- Coat of arms
- Location of Platten within Bernkastel-Wittlich district
- Platten Platten
- Coordinates: 49°57′08″N 6°57′17″E﻿ / ﻿49.95222°N 6.95472°E
- Country: Germany
- State: Rhineland-Palatinate
- District: Bernkastel-Wittlich
- Municipal assoc.: Wittlich-Land

Government
- • Mayor (2019–24): Jürgen Jakoby

Area
- • Total: 6.63 km^{2} (2.56 sq mi)
- Elevation: 130 m (430 ft)

Population (2022-12-31)
- • Total: 852
- • Density: 130/km^{2} (330/sq mi)
- Time zone: UTC+01:00 (CET)
- • Summer (DST): UTC+02:00 (CEST)
- Postal codes: 54518
- Dialling codes: 06535
- Vehicle registration: WIL
- Website: www.weinort-platten.de

= Platten, Germany =

Platten (/de/) is an Ortsgemeinde – a municipality belonging to a Verbandsgemeinde, a kind of collective municipality – in the Bernkastel-Wittlich district in Rhineland-Palatinate, Germany.

== Geography ==

The municipality lies on the river Lieser in a side valley of the Moselle.
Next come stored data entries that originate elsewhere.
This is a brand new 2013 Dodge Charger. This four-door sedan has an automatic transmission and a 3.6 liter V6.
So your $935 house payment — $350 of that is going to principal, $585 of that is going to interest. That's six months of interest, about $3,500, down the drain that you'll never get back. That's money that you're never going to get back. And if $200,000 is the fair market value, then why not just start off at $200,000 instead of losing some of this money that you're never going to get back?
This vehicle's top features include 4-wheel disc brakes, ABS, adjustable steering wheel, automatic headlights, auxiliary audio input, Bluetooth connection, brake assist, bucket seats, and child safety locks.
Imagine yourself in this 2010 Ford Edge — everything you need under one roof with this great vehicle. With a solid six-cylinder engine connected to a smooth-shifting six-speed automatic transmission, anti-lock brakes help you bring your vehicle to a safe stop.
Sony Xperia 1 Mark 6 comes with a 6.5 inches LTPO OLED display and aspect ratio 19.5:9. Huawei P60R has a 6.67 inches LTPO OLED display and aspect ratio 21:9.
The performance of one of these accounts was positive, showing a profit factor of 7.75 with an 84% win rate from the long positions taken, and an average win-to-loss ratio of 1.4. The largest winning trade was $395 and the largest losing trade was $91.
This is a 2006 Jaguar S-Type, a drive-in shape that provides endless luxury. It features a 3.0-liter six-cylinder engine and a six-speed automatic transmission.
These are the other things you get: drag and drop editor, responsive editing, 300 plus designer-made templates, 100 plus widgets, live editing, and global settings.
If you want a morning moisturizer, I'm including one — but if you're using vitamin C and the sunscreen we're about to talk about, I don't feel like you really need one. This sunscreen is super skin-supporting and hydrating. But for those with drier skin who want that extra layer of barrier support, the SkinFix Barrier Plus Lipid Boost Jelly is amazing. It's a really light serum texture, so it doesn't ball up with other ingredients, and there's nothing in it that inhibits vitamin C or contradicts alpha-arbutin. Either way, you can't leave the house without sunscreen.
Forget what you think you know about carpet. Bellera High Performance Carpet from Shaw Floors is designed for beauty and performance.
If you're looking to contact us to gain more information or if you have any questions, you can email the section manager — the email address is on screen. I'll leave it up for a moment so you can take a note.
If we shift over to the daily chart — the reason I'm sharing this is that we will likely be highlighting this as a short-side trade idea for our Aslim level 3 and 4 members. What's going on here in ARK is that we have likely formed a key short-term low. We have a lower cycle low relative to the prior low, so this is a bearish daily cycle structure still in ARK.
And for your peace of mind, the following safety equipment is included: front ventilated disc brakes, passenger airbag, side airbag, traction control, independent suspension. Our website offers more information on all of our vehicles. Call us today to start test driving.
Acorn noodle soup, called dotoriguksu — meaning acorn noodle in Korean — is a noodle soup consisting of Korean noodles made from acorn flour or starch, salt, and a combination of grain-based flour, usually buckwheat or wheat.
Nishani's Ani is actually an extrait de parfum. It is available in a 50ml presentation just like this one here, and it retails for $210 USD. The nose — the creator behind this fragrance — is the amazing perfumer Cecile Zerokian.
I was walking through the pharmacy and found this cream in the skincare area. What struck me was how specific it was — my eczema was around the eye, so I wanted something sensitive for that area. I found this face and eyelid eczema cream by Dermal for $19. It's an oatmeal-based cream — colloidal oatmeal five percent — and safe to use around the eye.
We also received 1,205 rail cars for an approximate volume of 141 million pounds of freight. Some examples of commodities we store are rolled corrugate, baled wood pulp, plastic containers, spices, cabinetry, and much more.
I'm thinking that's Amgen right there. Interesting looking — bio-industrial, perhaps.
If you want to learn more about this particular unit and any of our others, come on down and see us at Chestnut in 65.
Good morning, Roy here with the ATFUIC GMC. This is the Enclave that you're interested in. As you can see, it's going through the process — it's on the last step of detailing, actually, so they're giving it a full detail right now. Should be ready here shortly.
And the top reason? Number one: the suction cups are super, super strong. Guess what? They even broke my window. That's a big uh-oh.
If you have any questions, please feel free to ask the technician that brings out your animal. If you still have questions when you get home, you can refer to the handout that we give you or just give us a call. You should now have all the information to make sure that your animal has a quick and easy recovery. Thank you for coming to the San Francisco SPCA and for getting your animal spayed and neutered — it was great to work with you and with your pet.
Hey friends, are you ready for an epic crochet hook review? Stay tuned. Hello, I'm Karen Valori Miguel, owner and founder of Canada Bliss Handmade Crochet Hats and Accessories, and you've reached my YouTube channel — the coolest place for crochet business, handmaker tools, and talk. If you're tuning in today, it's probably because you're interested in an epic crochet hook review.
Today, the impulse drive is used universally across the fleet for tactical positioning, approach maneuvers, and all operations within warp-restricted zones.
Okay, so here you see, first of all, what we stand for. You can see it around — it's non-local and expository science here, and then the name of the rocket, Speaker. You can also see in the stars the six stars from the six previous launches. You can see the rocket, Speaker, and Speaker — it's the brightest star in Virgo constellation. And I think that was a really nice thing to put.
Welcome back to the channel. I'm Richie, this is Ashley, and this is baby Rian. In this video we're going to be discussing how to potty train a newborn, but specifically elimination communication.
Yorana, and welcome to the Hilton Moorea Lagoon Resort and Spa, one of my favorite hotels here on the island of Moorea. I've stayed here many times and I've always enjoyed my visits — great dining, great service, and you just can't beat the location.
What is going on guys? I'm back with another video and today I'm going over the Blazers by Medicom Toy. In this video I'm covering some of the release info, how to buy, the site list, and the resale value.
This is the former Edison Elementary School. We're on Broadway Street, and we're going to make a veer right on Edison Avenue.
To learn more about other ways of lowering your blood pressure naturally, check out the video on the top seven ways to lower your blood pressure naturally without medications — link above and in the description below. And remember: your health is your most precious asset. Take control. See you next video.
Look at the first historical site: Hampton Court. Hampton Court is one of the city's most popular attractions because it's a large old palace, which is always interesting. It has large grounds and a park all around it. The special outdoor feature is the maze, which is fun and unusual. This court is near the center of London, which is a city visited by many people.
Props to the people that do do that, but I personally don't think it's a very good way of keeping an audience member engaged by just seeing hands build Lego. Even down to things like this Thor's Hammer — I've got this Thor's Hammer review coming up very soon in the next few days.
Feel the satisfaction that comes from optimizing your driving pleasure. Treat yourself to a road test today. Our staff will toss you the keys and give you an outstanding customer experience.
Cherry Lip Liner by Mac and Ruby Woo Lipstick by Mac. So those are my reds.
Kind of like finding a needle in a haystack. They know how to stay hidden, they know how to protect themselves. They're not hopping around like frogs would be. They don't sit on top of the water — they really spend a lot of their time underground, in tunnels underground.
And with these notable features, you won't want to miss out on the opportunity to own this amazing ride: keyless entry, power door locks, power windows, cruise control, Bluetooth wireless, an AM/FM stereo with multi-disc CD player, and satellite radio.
The nearest middle centres are Wittlich and Bernkastel-Kues. Platten belongs to the Verbandsgemeinde of Wittlich-Land, whose seat is in Wittlich, although that town is itself not in the Verbandsgemeinde.

== History ==
In 1084, Platten had its first documentary mention as villa Platana. Beginning in 1794, Platten lay under French rule. In 1814 it was assigned to the Kingdom of Prussia at the Congress of Vienna. Since 1947, it has been part of the then newly founded state of Rhineland-Palatinate.

== Politics ==

=== Municipal council ===
The council is made up of 12 council members, who were elected by proportional representation at the municipal election held on 7 June 2009, and the honorary mayor as chairman:

| Year | WG Kuhnen | WG Marx | Total |
|---|---|---|---|
| 2009 | 8 | 4 | 12 seats |

=== Coat of arms ===
The German blazon reads: Im silbernen Schildhaupt ein rotes Balkenkreuz, darunter in Blau ein silberner Schrägbalken, belegt mit drei goldenbesamten, fünfblättrigen, roten Rosen. In Blau oben ein silberner Forsthaken.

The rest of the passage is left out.